In May, we learned that Nvidia and Adobe had teamed up to speed up the next version of Photoshop using GeForce GPUs. Nvidia shed more light on the subject today, and it turns out the two companies have implemented GPU acceleration in three upcoming apps: Photoshop CS4, Premiere CS4, and After Effects CS4.
In Photoshop CS4, Adobe uses GPU-acceleration voodoo for smooth image rotation, smooth zooming and panning, 2D and 3D compositing, high-quality antialiasing, HDR tone mapping, and color conversion. After Effects CS4 taps the GPU to apply effects like depth-of-field and turbulent noise in real time, while Premiere Pro CS4 accelerates “motion, opacity, color, and image distortion” with the GPU. Check out Photoshop CS4’s GPU-accelerated canvas rotation in action below:
Premiere Pro CS4 users with Quadro professional GPUs will also be able to grab Elemental’s RapiHD plug-in, which uses CUDA to speed up high-definition video encoding significantly. According to Nvidia, compressing a two-hour high-definition video to H.264 can take around 28 hours on a CPU, but RapiHD can cut that to just 2.5-3 hours.
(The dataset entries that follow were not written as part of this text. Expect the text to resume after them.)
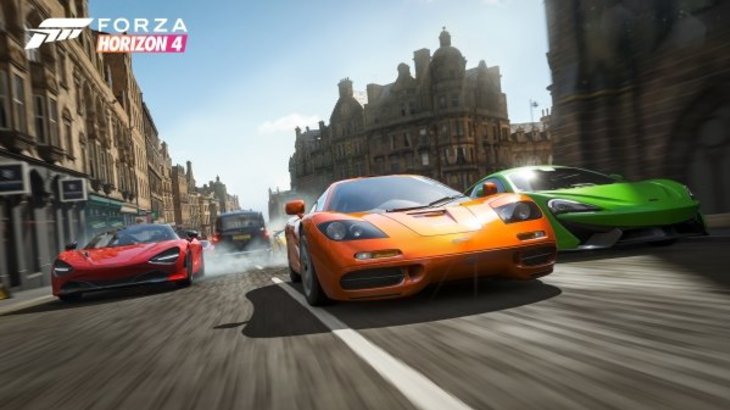 Forza Horizon 4 Gamescom 2018 gameplay, screenshots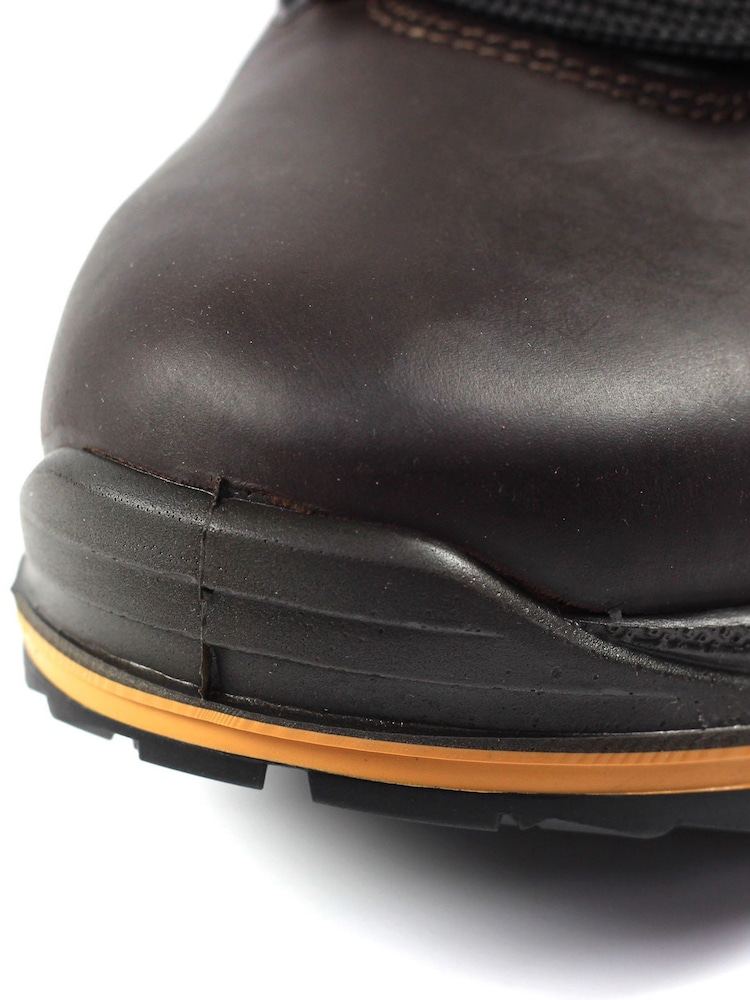 Grisport Mens Wide Fit Waterproof Hiking Brown Boots - Image 11 of 11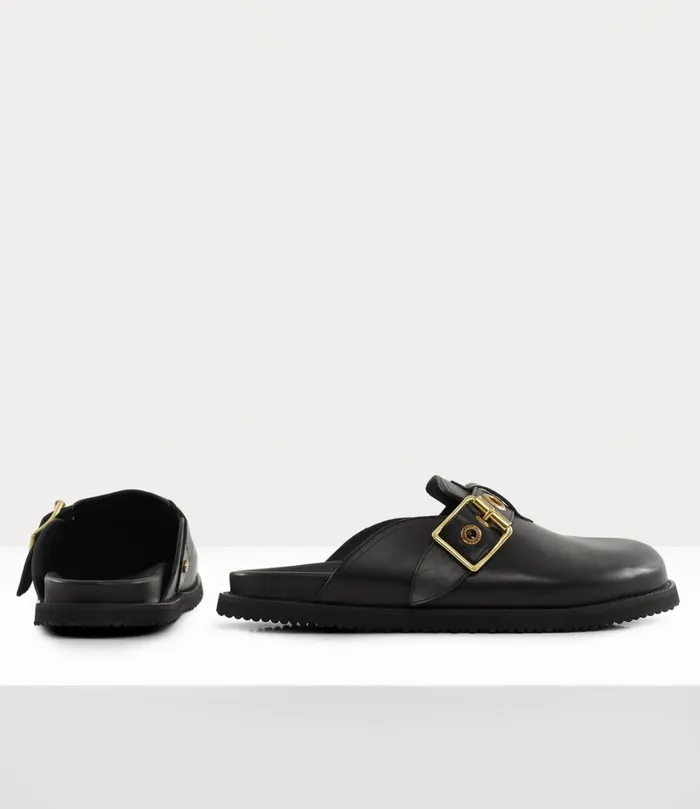 Vivienne Westwood Sandals Men New Oz Clogs Black
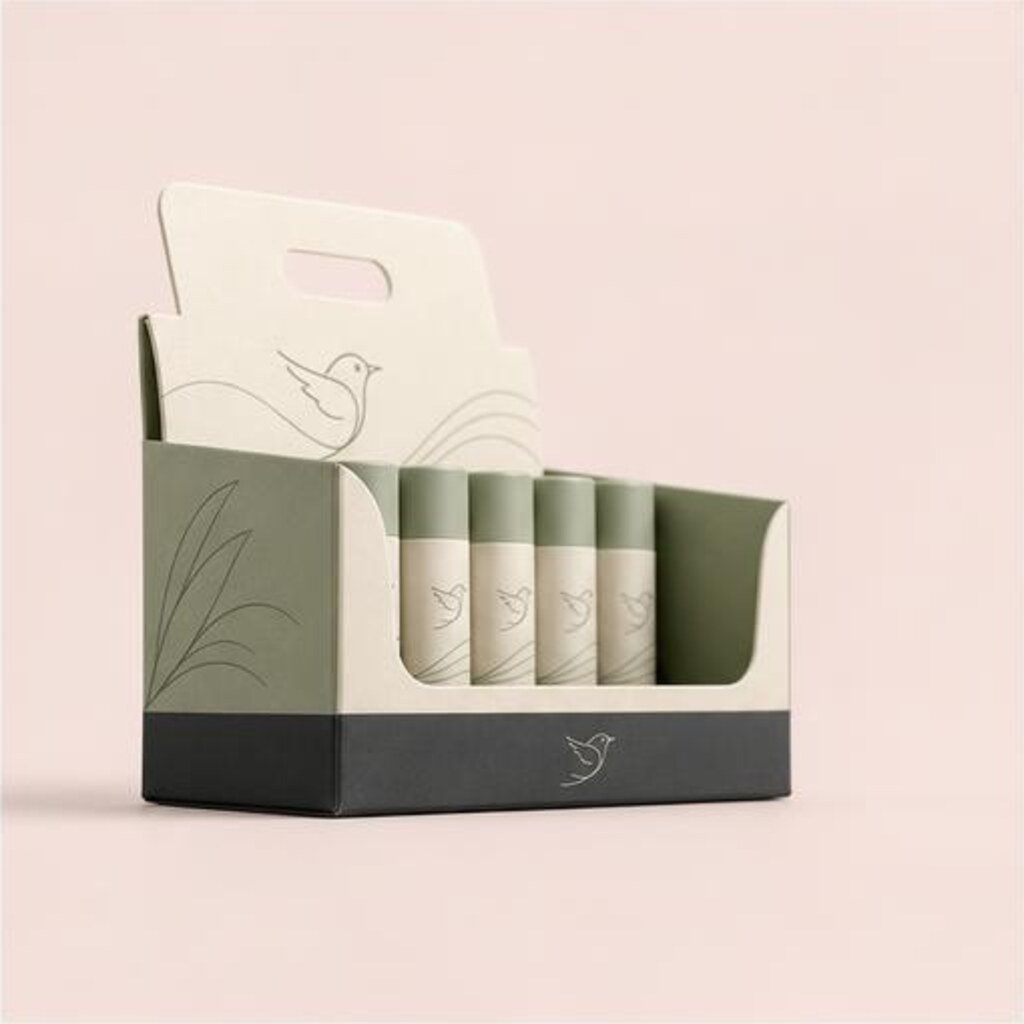 Lip Balm Display Boxes
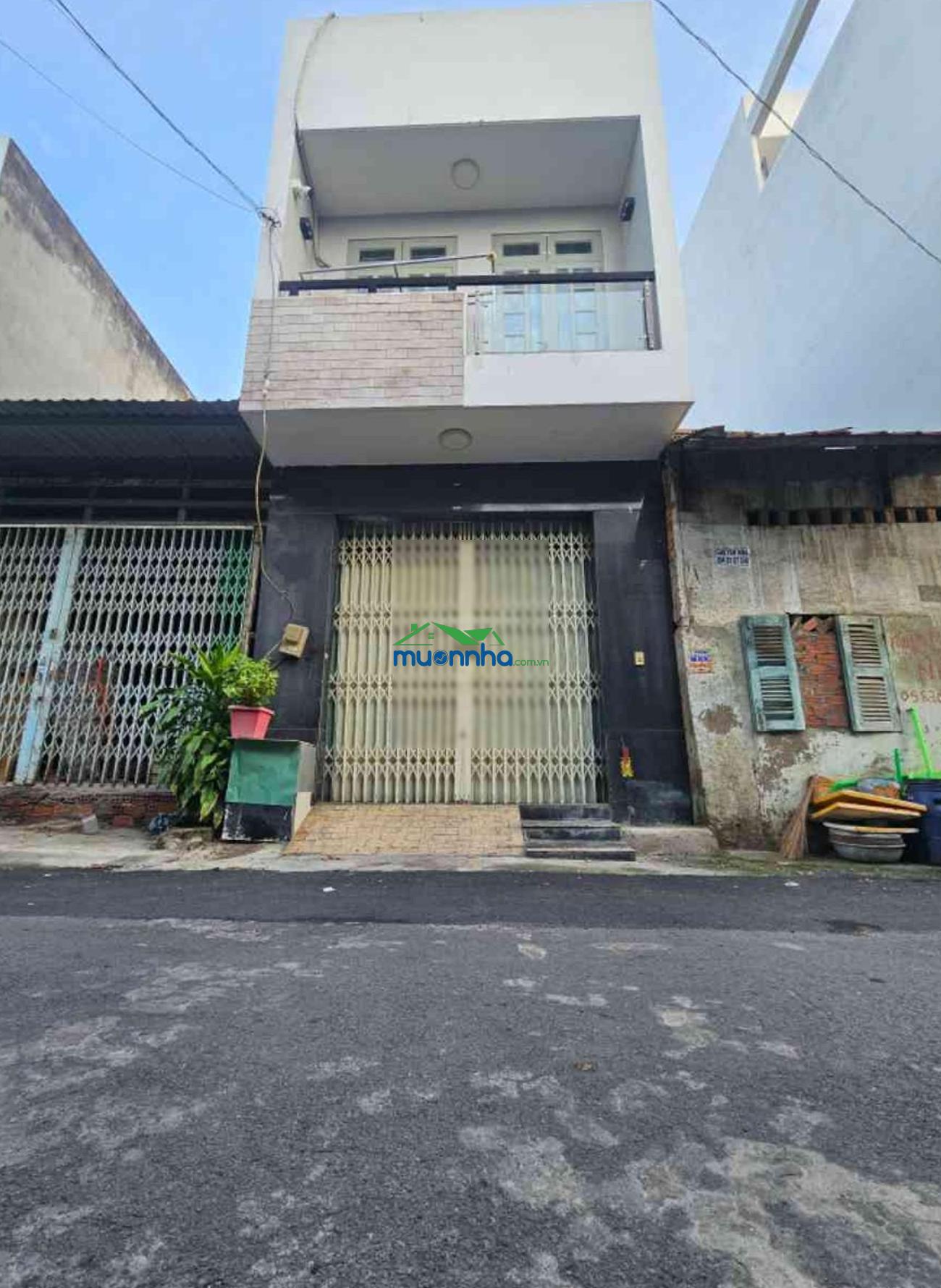Hot, bán gấp nhà 2 tầng mới đẹp võ văn vân btân, 56m2, hẻm 7m thông xe tải tránh, chỉ hơn 3 tỷ.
With the exception of RapiHD, all of the aforementioned features require only GeForce FX or better graphics cards with 512MB of memory. Those features uses the traditional graphics rendering pipeline, too, so owners of AMD GPUs should have no trouble enjoying the same goodies. Nvidia does boast that it co-developed some of the GPU acceleration elements with Adobe, however, and it expects to see CUDA-based Photoshop CS4 plug-ins come out over the next two months.